» **YOUR ASSIGNMENT**
Look over the entries that follow and work out how many lines contain "Township". State the number only.
┌─ RECORDS FOR THE EXERCISE
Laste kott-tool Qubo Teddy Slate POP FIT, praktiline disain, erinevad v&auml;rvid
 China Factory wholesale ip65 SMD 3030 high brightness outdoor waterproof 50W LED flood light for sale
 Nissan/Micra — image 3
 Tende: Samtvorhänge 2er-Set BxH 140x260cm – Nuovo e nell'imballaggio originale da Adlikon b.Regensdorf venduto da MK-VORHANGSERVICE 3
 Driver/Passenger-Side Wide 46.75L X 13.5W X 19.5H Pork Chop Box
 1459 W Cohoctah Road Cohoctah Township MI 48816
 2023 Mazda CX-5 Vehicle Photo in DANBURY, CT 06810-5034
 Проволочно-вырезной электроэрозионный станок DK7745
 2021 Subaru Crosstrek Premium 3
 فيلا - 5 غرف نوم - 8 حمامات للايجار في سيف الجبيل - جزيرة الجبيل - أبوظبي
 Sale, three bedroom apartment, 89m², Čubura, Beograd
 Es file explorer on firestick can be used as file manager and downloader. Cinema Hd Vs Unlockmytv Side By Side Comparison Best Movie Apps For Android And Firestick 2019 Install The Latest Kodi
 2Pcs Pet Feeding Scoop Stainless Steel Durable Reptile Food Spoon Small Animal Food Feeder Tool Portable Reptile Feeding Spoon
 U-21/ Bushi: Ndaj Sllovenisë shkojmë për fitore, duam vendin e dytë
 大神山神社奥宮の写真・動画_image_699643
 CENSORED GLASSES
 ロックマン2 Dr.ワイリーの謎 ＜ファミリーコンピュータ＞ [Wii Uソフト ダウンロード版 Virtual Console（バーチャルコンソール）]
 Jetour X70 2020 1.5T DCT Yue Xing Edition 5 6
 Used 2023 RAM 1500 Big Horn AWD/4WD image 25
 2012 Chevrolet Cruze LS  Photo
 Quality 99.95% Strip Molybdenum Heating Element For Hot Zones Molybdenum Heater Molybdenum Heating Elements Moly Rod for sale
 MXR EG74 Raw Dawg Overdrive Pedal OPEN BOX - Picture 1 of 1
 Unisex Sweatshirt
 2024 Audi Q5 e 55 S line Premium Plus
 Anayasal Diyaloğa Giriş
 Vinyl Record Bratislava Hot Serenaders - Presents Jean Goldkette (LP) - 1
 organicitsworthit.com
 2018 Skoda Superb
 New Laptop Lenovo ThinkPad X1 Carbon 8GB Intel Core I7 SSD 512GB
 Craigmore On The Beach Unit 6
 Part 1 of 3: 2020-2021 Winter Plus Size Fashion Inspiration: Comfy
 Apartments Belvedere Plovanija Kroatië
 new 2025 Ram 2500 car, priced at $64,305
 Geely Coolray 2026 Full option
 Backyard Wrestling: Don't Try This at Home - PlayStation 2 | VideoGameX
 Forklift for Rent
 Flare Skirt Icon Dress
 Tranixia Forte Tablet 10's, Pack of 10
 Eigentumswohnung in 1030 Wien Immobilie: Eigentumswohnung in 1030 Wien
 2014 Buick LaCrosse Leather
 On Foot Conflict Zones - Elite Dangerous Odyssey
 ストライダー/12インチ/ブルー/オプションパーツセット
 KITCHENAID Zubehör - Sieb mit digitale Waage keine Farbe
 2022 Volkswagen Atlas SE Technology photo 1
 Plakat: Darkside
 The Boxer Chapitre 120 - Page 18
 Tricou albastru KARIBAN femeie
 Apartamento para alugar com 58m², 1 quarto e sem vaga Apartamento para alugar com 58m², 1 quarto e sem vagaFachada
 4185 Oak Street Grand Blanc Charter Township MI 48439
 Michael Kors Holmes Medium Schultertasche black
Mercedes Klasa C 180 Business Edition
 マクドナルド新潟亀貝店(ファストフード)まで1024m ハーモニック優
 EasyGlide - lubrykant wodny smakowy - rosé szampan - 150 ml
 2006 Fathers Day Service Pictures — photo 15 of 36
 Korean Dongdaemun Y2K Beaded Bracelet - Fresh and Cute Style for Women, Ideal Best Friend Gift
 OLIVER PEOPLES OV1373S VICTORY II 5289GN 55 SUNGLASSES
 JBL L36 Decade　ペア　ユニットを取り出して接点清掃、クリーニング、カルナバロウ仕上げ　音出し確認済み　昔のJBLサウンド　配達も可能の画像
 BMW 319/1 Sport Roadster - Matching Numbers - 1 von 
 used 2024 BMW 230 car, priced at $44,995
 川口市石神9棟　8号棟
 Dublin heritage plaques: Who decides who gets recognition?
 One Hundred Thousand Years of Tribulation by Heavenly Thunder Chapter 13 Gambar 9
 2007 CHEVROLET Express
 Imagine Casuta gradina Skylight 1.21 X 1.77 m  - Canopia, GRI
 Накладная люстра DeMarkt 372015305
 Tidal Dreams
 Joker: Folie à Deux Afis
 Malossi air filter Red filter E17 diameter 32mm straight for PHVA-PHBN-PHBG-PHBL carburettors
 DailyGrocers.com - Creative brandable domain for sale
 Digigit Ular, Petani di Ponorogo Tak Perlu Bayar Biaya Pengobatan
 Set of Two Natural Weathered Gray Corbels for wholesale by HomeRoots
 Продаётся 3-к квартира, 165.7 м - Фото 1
└─
» **ANSWER SECTION**
2